[Web page caption snippets]
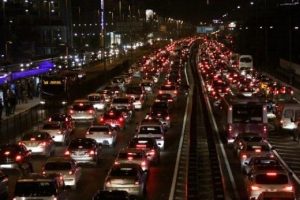 Ambulansa 12 saniyede yol vermeyene ceza geliyor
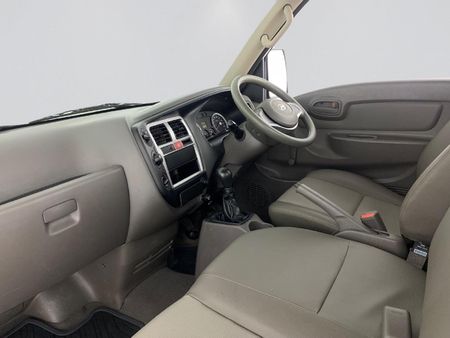 2025-Hyundai-H100-Bakkie-26D-Dropside_10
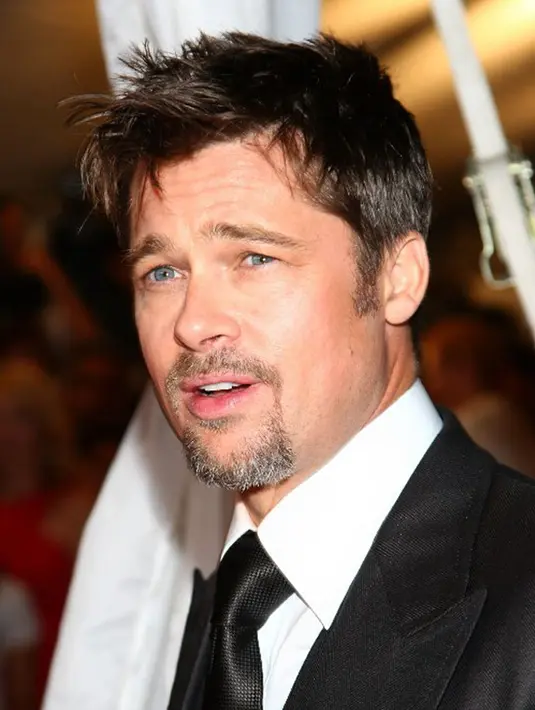 “Ketika Brad dan anak-anak telah mengalami progress yang baik setelah perjalanan di pesawat, mereka tetap masih menemukan banyak tantangan sebagai sebuah keluarga,” tutur sumber yang dilansir Ace Showbiz. (AFP/Bintang.com)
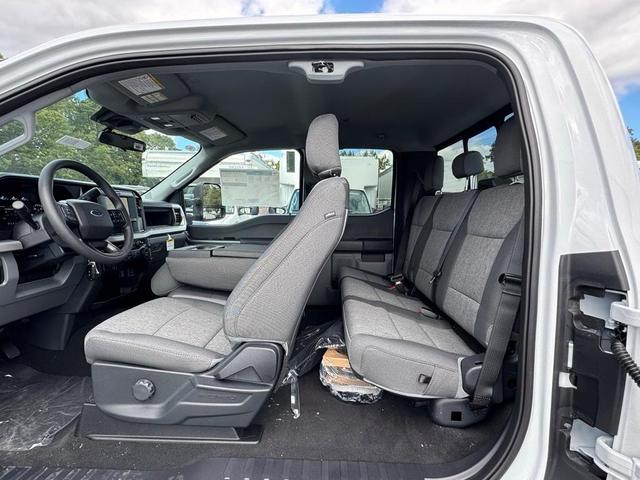 Photo of 2026 Oxford White Ford F-250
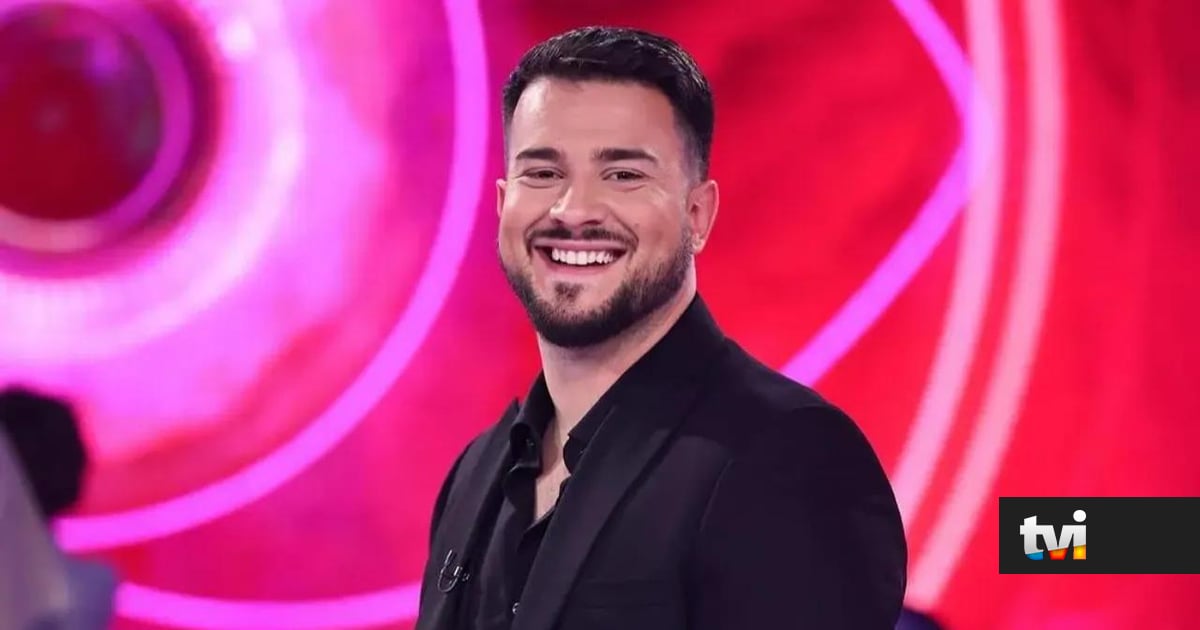 Surpresa! Francisco Monteiro declara-se a mulher especial: «O significado de Natal para mim» - Secret Story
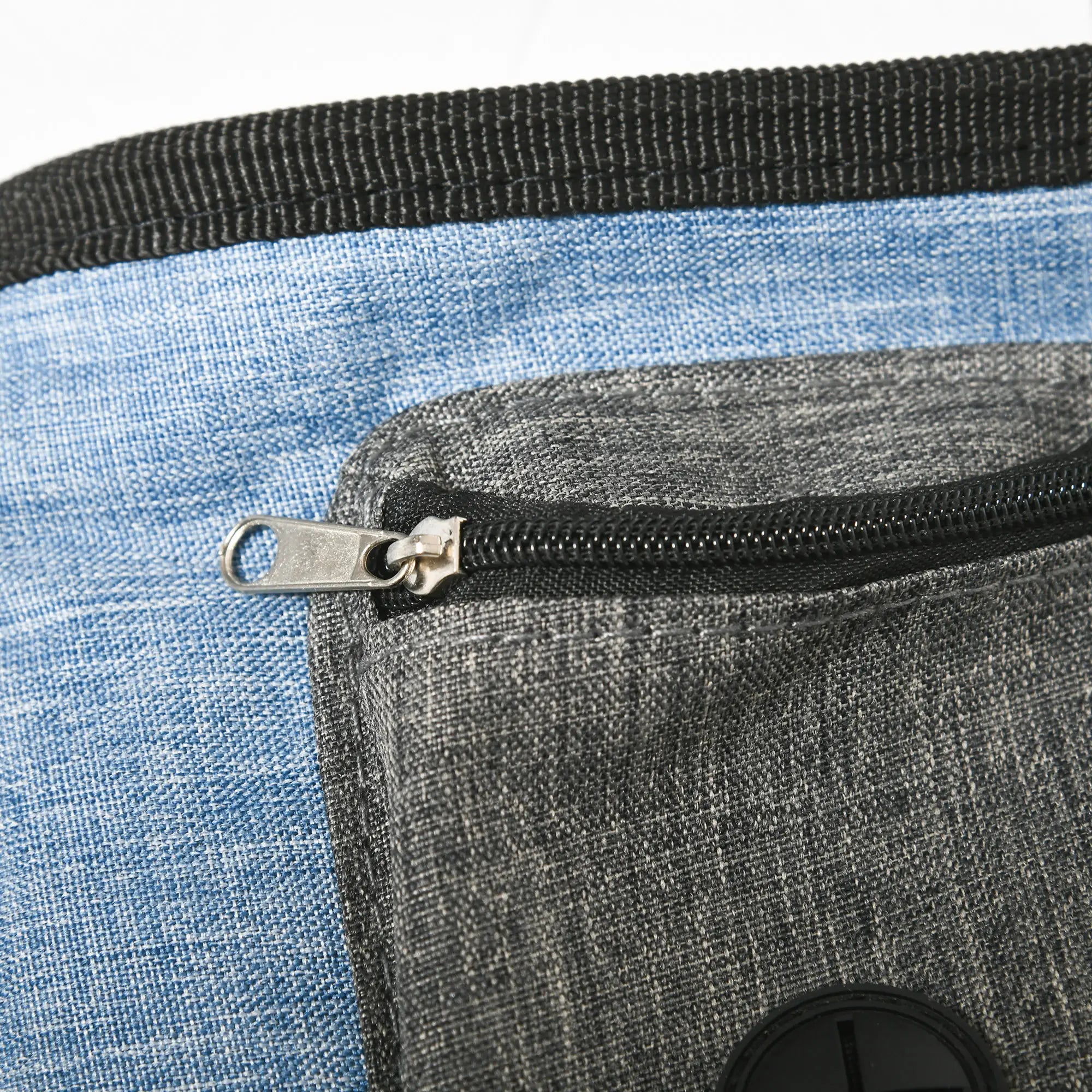 5 Pcs Dog Agility Training Set, Disc, Whistle, Weave Poles, Jump Poles, Food Bag, Carry Bag Dog Agility Training Equipment at Gallery Canada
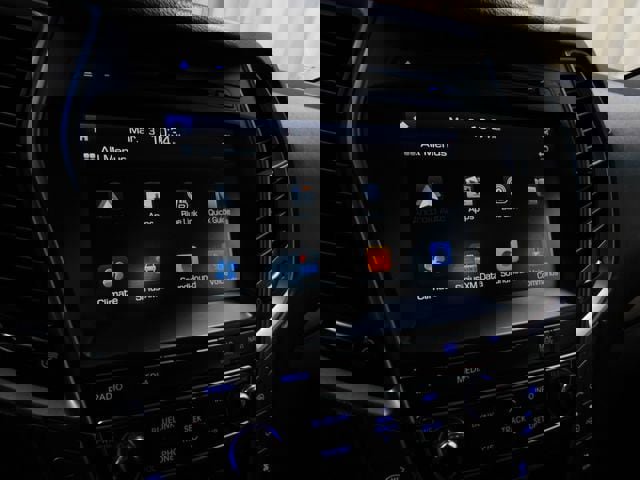 Used 2017 Hyundai Santa Fe Limited image 27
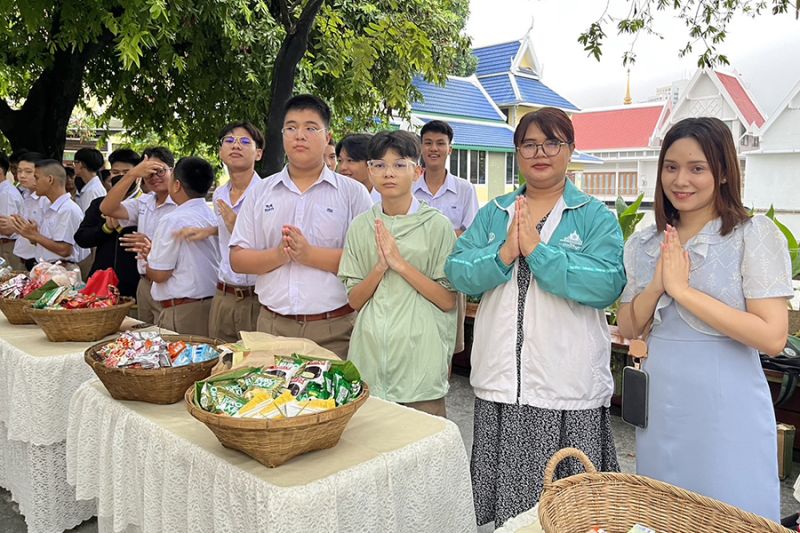 กิจกรรมทำบุญตักบาตรในช่วงเช้า ณ วัดเทพศิรินทราวาส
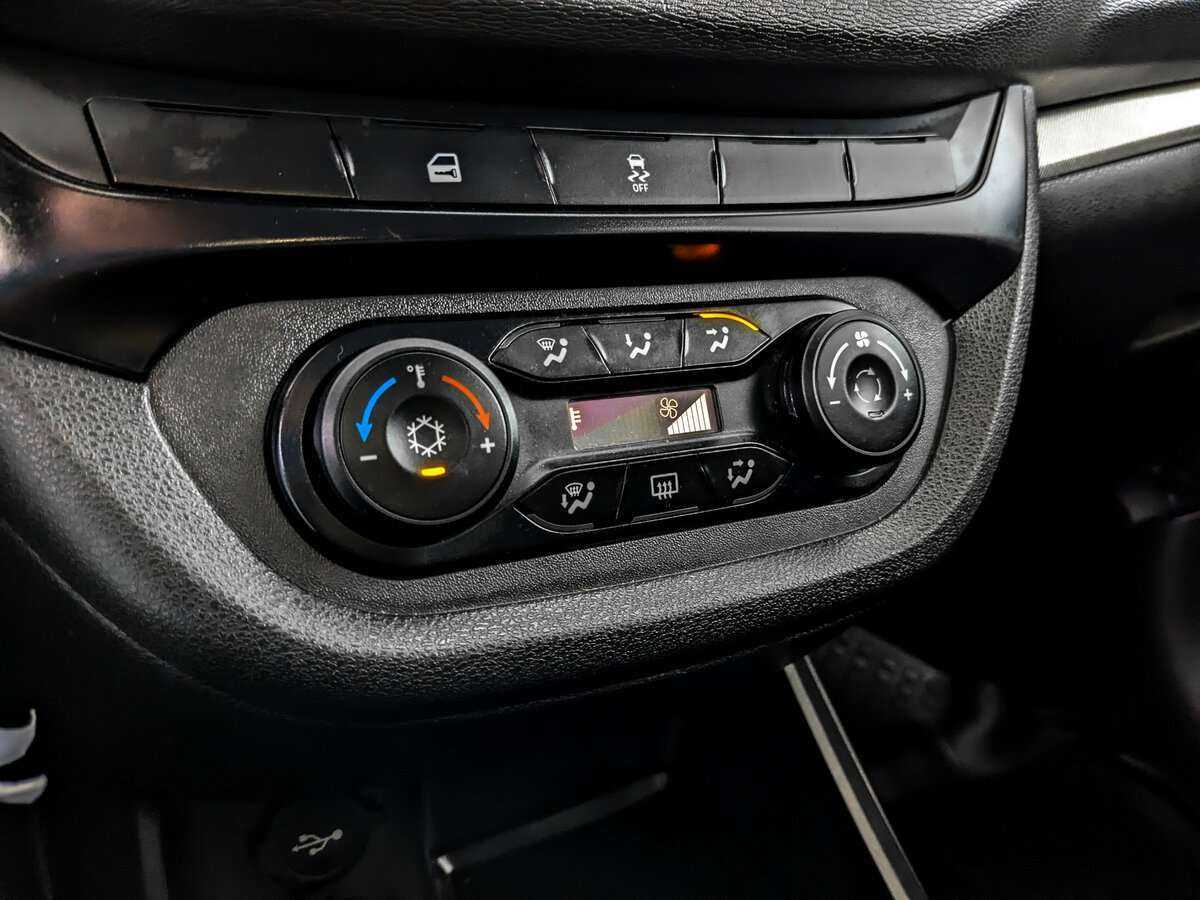 Б/У Лада (ВАЗ) Веста 2022 года. Фото: #19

• [What to work on] Starting at the line that contains "Surpresa! Francisco Monteiro" and ending at the final line of the data, reproduce each line exactly. Pictures stay out of the copy.

• [Written answer]
 Surpresa! Francisco Monteiro declara-se a mulher especial: «O significado de Natal para mim» - Secret Story
 5 Pcs Dog Agility Training Set, Disc, Whistle, Weave Poles, Jump Poles, Food Bag, Carry Bag Dog Agility Training Equipment at Gallery Canada
 Used 2017 Hyundai Santa Fe Limited image 27
 กิจกรรมทำบุญตักบาตรในช่วงเช้า ณ วัดเทพศิรินทราวาส
 Б/У Лада (ВАЗ) Веста 2022 года. Фото: #19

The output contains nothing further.